- Problem to work on:
In the listing below, locate the line that contains "2002 TOYOTA HIACE" and the line that contains "Cinci șefi de". Restate word for word those two lines and every line between them, and nothing else.

── Records ──

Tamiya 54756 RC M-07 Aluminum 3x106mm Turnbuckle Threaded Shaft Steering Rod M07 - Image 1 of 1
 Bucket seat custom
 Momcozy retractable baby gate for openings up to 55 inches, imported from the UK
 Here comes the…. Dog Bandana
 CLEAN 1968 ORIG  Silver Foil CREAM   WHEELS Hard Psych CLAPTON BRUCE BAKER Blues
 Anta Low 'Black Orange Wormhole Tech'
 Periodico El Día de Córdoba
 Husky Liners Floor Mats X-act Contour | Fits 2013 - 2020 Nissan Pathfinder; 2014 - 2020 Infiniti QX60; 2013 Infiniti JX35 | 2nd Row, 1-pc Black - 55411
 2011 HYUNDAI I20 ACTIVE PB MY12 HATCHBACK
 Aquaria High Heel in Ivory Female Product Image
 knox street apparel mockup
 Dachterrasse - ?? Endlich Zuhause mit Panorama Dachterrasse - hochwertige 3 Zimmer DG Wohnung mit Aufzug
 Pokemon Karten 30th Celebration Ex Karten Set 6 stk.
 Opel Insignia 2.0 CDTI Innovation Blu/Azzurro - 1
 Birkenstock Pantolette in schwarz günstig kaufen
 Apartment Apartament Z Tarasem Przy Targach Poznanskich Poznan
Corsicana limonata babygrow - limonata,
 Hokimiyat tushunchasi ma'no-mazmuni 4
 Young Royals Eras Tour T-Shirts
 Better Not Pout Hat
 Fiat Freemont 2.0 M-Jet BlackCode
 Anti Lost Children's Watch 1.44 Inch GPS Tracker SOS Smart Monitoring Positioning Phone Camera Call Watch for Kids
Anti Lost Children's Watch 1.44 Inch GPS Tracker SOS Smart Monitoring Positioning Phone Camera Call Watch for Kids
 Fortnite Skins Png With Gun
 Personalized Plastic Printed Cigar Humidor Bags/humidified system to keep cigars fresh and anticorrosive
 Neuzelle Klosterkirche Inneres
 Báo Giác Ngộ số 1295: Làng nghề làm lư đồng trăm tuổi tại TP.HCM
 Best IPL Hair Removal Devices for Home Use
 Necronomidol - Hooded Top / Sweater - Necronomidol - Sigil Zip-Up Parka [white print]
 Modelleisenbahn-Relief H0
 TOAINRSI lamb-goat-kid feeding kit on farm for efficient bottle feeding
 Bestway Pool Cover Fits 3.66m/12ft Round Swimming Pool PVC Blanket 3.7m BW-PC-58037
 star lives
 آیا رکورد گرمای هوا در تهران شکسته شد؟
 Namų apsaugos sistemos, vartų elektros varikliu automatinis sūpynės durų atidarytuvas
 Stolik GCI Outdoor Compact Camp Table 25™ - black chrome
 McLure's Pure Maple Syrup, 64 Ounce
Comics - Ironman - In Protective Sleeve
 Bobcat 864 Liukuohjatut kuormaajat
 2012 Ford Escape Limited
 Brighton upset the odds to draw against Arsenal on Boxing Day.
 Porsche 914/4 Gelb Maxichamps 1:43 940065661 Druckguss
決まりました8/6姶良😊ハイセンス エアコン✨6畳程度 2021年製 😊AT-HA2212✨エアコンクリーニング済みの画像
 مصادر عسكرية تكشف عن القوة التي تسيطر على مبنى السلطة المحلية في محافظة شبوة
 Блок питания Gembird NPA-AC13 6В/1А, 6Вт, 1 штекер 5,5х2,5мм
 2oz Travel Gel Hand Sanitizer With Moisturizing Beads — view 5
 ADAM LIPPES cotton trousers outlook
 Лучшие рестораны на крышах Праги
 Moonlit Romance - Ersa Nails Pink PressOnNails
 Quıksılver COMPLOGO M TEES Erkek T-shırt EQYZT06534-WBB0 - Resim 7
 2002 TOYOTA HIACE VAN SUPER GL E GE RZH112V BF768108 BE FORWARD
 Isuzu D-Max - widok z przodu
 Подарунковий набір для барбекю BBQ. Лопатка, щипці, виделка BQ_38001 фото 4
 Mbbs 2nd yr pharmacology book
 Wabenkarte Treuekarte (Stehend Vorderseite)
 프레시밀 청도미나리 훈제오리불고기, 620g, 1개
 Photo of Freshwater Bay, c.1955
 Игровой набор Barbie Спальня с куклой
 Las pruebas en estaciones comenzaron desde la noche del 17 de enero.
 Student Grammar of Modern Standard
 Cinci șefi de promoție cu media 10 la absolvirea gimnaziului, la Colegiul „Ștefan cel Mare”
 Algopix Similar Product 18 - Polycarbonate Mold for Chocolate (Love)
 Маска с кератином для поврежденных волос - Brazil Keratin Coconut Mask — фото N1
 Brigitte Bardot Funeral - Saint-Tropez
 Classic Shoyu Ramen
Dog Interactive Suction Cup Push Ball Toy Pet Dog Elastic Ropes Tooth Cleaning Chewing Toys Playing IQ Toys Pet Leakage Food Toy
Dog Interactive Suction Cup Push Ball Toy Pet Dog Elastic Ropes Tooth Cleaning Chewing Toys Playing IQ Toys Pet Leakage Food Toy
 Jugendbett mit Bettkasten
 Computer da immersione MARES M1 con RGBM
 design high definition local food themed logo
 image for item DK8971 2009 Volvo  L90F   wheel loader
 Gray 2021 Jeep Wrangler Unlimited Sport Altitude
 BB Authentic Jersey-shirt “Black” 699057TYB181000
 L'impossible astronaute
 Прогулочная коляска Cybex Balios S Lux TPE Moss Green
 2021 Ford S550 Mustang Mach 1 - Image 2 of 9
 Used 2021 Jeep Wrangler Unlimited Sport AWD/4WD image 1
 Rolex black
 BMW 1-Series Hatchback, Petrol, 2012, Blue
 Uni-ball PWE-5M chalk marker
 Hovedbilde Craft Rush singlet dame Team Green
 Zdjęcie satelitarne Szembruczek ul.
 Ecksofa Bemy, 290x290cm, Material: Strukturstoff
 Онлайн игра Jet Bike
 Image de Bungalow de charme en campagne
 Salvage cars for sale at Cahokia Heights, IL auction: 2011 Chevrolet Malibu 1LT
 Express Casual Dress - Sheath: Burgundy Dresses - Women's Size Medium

───

- Response for this exercise:
 2002 TOYOTA HIACE VAN SUPER GL E GE RZH112V BF768108 BE FORWARD
 Isuzu D-Max - widok z przodu
 Подарунковий набір для барбекю BBQ. Лопатка, щипці, виделка BQ_38001 фото 4
 Mbbs 2nd yr pharmacology book
 Wabenkarte Treuekarte (Stehend Vorderseite)
 프레시밀 청도미나리 훈제오리불고기, 620g, 1개
 Photo of Freshwater Bay, c.1955
 Игровой набор Barbie Спальня с куклой
 Las pruebas en estaciones comenzaron desde la noche del 17 de enero.
 Student Grammar of Modern Standard
 Cinci șefi de promoție cu media 10 la absolvirea gimnaziului, la Colegiul „Ștefan cel Mare”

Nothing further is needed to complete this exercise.